Road to RSNA 2007: Ultrasound Preview

Ultrasound has proved its utility in a wide variety of clinical applications over the years, and improvements on both the hardware and software sides of the equation will only strengthen its position in medical imaging.

Ult PdfUltrasound has carved out a role as an adjunct to mammography in breast screening to characterize suspicious lesions, and look for news validating this application at the RSNA show, when results from a three-year clinical trial, American College of Radiology Imaging Network (ACRIN) 6666, are slated to be revealed.

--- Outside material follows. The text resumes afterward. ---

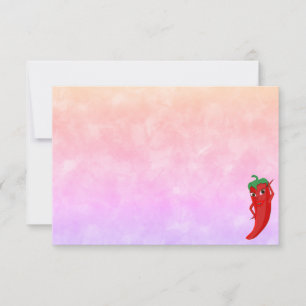 Red Hot Pepper Diva Watercolor Custom Blank Card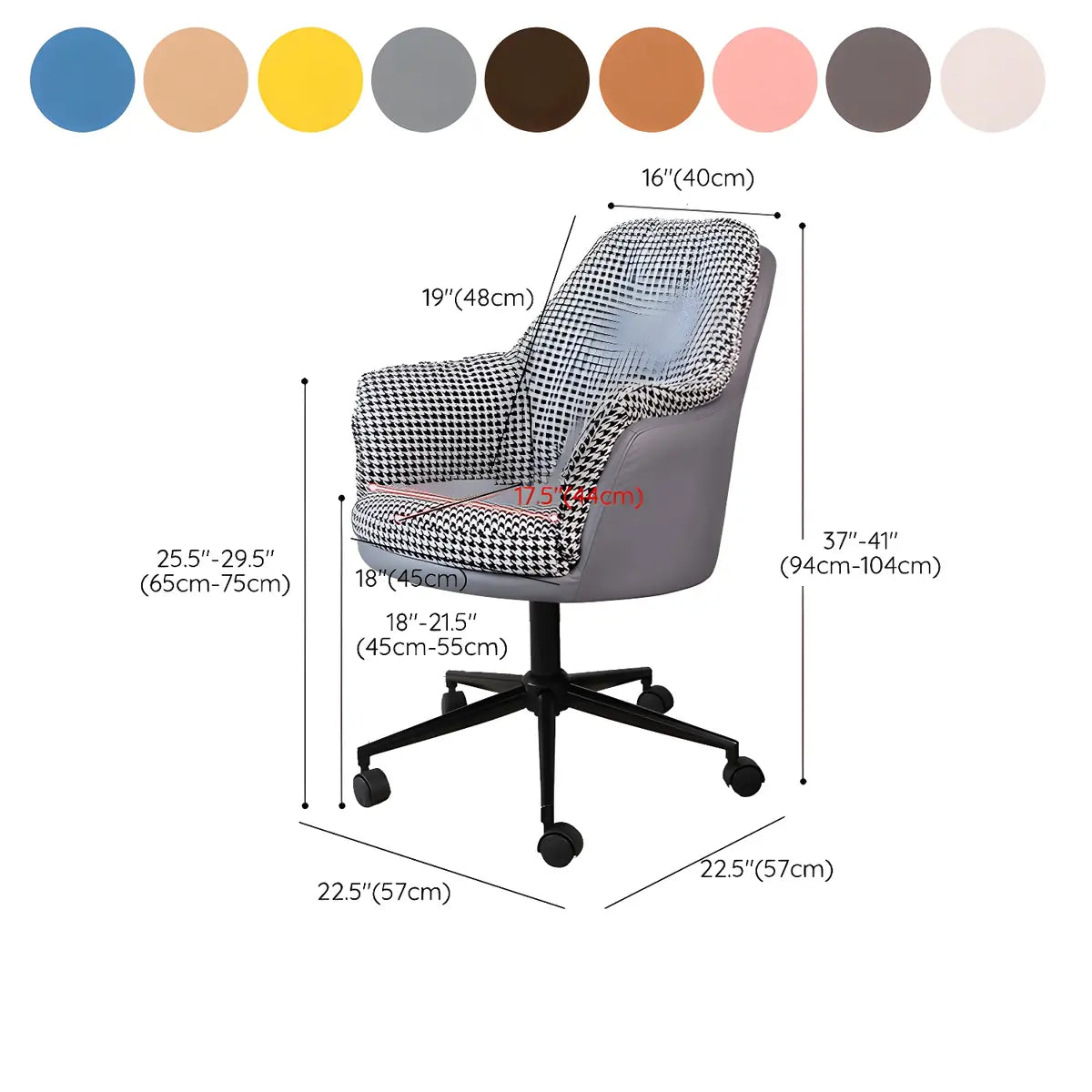 Contemporary Houndstooth Office Chair with Wheels Image - 81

In fact, screening opportunities in general may serve to boost adoption of ultrasound technology. The role of ultrasound in screening for pathologies such as abdominal aortic aneurysm (AAA), carotid stenosis, and peripheral vascular disease will most likely rise because the modality provides the possibility of accurate and cost-effective screening scans for a large population of at-risk patients, according to Dr. Edward Bluth of the Ochsner Clinic Foundation in New Orleans.

He noted that as patients have become increasingly sophisticated about the benefits of early detection and intervention, coupled with knowledge about screening techniques, they have begun requesting these exams to head off the most serious complications of disease.

Ultrasound is also gaining favor as a triage tool. For example, the use of ultrasound for focused assessment with sonography for trauma (FAST) exams may offer real benefit for traumatic injury patients. Of course, training is crucial to ensure accurate performance of these imaging studies.

This year's RSNA show will highlight improvements in transducer design, more powerful software that enables specialized applications, and the increased diffusion of small, compact systems that can be used at the point of care to facilitate more complete patient exams than just physical assessment can provide.